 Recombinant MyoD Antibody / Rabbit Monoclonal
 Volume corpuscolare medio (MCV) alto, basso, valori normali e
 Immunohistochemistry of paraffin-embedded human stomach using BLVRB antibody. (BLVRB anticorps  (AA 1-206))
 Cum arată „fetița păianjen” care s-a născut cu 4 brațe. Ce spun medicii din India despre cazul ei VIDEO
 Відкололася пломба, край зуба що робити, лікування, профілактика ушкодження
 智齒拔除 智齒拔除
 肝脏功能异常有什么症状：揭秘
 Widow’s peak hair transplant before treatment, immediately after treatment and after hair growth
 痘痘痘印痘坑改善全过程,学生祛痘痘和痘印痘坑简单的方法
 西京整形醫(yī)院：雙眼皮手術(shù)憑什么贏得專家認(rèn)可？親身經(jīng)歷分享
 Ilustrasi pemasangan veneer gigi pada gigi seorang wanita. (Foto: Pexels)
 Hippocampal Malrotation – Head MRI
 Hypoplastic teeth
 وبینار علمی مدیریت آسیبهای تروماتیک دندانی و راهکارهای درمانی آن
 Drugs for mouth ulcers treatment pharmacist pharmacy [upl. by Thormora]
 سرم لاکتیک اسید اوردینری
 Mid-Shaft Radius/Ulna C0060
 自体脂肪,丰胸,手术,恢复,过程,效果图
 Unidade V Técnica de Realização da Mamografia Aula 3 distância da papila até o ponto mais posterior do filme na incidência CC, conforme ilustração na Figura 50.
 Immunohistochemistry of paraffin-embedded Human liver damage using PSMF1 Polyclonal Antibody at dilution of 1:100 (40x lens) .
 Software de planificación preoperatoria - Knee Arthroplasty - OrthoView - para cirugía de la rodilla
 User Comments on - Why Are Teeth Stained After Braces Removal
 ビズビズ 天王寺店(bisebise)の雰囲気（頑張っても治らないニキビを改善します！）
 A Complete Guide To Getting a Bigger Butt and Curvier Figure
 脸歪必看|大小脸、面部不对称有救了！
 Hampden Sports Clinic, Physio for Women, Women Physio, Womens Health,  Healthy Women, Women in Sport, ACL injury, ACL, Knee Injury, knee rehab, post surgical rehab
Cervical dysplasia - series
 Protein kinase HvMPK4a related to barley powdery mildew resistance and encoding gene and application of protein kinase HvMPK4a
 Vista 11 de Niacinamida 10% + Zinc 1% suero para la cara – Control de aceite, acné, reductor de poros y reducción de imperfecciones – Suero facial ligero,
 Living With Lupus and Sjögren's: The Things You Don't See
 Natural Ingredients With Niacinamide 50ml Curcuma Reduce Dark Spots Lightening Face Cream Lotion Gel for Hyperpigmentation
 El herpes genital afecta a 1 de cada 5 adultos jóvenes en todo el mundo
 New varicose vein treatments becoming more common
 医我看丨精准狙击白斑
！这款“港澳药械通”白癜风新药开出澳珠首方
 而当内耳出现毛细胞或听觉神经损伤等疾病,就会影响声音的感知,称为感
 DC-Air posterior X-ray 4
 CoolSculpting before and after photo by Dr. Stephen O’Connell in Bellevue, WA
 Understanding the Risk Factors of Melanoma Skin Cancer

* * *

**Task details:** Give back every line of the listing where the word "before" shows up.

**Solution to this task:**
 Widow’s peak hair transplant before treatment, immediately after treatment and after hair growth
 CoolSculpting before and after photo by Dr. Stephen O’Connell in Bellevue, WA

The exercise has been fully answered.